I can direct you to multliple credible sources who will say the same. What are your credible reference points for putting the overall burden of the housing collapse and subsequent need for bailouts on the consumer? Do you actually read anything? Even more to the point, do you ever read anything that doesn't support your position, to get some perspective?


----------



## rgames (Dec 13, 2011)

I guess I'm not sure what the discussions is about any more. You guys keep talking about how badly the banks behaved and how they brought down the world financial markets. OK. I'm not talking about the banking crisis. It happened. Banks were naughty. Yep. People were stupid. What does that have to do with the wealth gap? Or the Facebook IPO? Or all the money that's going to the top income earners?

Since you're responding to my points on the wealth gap, you seem to be implying that naughty banks somehow created the wealth gap. There's no way that can be true - see my previous posts. So why do you keep going on about it? I don't think I'm disagreeing with anything you're saying.

Banks were naughty. I agree.
Banks should be punished. I agree.
Banks hold too much influence in DC. I agree.

Let's say you fix those problems. Are you saying the wealth gap will disappear? No way. They have almost nothing to do with the problems that cause the wealth gap, as I explained above.

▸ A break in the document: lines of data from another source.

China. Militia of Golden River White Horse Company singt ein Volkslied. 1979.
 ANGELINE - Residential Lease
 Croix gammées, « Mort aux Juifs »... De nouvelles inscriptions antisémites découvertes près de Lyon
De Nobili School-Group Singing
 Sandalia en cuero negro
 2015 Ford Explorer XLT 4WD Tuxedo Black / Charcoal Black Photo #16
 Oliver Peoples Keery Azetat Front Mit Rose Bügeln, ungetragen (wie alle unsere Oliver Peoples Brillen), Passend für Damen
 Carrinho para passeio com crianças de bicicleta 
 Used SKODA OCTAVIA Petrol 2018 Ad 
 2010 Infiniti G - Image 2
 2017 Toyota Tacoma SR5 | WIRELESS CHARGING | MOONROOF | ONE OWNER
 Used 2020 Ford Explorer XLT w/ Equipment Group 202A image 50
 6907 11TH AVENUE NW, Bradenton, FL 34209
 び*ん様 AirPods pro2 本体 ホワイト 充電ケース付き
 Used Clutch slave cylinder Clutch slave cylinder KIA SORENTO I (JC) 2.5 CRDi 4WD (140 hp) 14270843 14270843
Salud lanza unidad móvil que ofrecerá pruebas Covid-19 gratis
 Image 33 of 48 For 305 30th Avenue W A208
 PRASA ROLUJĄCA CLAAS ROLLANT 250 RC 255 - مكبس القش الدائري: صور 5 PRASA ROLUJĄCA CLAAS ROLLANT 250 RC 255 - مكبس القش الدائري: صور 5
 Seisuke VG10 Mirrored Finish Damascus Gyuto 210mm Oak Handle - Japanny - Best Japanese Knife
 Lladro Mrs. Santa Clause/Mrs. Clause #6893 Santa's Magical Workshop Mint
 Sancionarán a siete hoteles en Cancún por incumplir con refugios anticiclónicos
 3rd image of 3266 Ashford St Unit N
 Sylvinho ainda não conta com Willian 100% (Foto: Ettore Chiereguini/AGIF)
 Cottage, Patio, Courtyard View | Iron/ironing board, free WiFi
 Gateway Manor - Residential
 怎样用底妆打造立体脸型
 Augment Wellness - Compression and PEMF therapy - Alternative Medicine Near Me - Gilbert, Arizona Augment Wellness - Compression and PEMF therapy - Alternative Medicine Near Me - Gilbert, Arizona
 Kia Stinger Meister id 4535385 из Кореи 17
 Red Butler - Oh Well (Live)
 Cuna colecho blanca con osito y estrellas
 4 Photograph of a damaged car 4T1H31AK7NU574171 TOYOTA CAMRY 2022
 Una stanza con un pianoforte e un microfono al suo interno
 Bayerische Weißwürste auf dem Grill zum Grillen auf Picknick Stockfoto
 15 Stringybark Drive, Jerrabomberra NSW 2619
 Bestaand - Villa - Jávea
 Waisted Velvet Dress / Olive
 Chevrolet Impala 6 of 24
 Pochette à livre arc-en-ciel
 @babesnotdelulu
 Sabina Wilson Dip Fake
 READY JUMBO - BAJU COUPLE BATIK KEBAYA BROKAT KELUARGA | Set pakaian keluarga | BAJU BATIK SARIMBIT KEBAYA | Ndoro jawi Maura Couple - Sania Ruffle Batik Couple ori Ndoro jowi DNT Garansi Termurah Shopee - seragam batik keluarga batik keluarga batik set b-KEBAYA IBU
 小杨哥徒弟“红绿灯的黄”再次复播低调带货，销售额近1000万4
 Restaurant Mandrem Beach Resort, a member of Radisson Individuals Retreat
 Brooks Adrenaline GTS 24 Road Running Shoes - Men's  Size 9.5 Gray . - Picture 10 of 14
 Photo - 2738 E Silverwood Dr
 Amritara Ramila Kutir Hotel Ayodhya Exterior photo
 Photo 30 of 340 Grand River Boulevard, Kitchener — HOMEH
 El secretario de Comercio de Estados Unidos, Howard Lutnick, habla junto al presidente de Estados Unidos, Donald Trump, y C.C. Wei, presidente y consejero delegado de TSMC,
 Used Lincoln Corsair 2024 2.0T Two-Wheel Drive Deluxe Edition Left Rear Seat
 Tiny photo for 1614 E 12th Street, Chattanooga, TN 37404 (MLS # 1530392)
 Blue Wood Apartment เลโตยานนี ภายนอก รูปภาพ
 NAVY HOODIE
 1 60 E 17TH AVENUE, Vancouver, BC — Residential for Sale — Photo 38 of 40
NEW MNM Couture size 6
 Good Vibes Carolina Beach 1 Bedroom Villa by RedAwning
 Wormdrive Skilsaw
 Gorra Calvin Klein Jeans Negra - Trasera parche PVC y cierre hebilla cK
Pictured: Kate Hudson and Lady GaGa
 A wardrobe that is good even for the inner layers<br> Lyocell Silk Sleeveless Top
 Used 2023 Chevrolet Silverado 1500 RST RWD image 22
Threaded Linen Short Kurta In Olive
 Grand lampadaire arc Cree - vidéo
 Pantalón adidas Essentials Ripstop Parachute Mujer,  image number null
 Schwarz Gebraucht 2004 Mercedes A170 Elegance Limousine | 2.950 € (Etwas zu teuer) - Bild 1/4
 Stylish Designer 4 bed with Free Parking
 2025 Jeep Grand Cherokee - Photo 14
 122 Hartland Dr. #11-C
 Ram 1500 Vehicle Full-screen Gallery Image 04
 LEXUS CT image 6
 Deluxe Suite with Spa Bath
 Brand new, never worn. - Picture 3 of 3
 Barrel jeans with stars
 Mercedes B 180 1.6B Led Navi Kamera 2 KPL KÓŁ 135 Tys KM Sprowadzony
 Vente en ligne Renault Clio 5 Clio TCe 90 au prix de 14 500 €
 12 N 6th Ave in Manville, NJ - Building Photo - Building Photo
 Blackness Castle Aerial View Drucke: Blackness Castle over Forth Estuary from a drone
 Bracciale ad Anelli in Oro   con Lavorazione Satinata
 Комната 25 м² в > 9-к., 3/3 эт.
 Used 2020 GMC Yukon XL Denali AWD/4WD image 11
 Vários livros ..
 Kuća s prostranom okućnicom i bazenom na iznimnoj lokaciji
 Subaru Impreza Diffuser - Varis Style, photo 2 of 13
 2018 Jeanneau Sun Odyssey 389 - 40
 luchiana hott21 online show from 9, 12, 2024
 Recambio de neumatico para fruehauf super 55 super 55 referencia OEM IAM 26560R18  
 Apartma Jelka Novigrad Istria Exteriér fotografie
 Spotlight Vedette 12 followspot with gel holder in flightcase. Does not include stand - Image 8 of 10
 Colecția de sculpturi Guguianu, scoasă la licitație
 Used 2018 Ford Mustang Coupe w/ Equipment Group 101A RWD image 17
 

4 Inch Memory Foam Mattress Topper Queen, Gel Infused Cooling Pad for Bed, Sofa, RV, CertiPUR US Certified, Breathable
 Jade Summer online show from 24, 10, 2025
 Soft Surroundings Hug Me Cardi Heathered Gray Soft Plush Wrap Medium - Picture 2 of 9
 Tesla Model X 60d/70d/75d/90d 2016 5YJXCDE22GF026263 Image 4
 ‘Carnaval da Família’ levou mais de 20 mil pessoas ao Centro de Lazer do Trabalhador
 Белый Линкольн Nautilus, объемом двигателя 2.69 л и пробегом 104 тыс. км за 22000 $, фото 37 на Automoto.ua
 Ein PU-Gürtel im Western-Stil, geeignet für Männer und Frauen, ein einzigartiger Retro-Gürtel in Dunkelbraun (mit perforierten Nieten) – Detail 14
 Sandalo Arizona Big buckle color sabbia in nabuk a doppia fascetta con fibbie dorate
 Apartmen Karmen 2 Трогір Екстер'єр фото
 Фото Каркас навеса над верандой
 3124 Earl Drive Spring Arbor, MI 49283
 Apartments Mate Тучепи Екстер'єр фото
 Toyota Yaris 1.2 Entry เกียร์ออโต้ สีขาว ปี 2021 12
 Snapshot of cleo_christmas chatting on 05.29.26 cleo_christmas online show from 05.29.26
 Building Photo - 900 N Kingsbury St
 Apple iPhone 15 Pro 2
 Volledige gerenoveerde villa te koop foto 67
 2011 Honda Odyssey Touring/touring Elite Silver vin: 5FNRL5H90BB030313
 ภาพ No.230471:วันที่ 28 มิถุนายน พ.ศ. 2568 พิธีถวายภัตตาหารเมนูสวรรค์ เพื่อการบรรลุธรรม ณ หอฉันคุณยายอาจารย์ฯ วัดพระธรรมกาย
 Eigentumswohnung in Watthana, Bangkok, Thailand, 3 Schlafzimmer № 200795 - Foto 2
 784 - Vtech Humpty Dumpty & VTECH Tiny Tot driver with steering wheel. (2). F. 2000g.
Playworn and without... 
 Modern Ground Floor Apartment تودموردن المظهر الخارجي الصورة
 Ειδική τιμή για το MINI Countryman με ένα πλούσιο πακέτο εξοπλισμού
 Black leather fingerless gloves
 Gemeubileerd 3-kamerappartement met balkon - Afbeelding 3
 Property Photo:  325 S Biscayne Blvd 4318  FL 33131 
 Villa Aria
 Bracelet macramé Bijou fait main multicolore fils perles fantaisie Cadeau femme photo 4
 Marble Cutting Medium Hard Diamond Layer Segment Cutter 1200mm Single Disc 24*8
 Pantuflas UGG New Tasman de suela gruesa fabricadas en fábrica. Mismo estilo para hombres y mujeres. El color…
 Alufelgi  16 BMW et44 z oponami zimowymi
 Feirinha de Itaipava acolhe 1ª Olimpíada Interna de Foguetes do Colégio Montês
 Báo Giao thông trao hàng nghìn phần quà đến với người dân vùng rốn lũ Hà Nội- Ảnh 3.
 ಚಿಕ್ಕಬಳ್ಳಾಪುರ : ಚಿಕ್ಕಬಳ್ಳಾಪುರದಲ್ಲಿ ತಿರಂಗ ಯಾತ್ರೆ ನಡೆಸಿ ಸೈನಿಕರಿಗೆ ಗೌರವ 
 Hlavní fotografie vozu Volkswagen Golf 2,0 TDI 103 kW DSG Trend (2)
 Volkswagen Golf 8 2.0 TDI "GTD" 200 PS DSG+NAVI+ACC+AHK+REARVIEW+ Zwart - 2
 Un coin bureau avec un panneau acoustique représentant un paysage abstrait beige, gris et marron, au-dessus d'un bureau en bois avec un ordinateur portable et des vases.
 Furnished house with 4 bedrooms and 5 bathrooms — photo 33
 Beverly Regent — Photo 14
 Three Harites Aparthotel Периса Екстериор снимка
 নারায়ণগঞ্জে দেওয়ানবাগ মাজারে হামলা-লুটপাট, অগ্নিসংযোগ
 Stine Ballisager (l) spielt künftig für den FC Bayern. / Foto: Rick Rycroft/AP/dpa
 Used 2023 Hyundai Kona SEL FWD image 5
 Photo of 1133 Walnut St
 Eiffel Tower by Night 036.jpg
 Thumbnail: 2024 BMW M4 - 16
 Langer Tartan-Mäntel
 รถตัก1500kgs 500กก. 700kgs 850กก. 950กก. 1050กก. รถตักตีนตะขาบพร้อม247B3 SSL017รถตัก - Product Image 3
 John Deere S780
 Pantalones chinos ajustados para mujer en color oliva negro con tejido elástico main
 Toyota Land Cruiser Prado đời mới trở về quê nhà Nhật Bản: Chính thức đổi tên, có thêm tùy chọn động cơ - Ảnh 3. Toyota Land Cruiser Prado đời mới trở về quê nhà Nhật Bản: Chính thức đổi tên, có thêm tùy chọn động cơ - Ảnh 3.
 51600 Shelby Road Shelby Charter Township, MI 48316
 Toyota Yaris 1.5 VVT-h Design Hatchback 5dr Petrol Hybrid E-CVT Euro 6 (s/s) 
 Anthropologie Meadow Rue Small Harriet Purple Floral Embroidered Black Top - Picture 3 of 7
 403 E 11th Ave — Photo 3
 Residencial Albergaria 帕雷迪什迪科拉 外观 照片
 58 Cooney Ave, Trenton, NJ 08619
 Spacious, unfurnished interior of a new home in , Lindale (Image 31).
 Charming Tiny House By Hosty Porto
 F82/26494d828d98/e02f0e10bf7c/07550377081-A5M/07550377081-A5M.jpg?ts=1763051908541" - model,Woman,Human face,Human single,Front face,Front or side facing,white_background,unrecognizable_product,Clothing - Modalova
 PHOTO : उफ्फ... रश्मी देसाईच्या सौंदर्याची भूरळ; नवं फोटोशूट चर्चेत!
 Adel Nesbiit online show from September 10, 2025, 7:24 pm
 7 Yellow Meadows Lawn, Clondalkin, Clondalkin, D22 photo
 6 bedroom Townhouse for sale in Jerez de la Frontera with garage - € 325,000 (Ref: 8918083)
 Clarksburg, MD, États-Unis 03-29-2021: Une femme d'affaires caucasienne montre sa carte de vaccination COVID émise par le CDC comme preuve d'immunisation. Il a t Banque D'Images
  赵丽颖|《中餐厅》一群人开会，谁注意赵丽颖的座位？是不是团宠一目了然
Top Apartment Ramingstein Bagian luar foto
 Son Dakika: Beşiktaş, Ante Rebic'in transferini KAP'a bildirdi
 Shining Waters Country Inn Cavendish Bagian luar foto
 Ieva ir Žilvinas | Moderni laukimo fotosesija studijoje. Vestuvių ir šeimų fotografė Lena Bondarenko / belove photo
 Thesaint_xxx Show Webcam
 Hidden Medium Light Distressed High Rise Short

Like I said, you can help me understand by completing this sentence:

When we get increased regulation on the banks, the wealth gap will disappear because ______.

And Larry:

My sources are mainstream - mostly NPR, NBC, government data (shocking! who does that?!?), and a big dose of personal experience. But I rely on one very special source to make sense of it all: my own brain. You seem to imply that I'm parroting things I hear elsewhere without checking the facts. On what basis do you make that claim? Please provide the link to the discussion where I've done that. Seriously, I want to see where you got your information on that one. Since you threw in the fact-checking card, let's do some fact-checking!

Taking someone else's thoughts is like taking someone else's music: it ain't yours! Use it to provoke new thoughts; don't cut and paste.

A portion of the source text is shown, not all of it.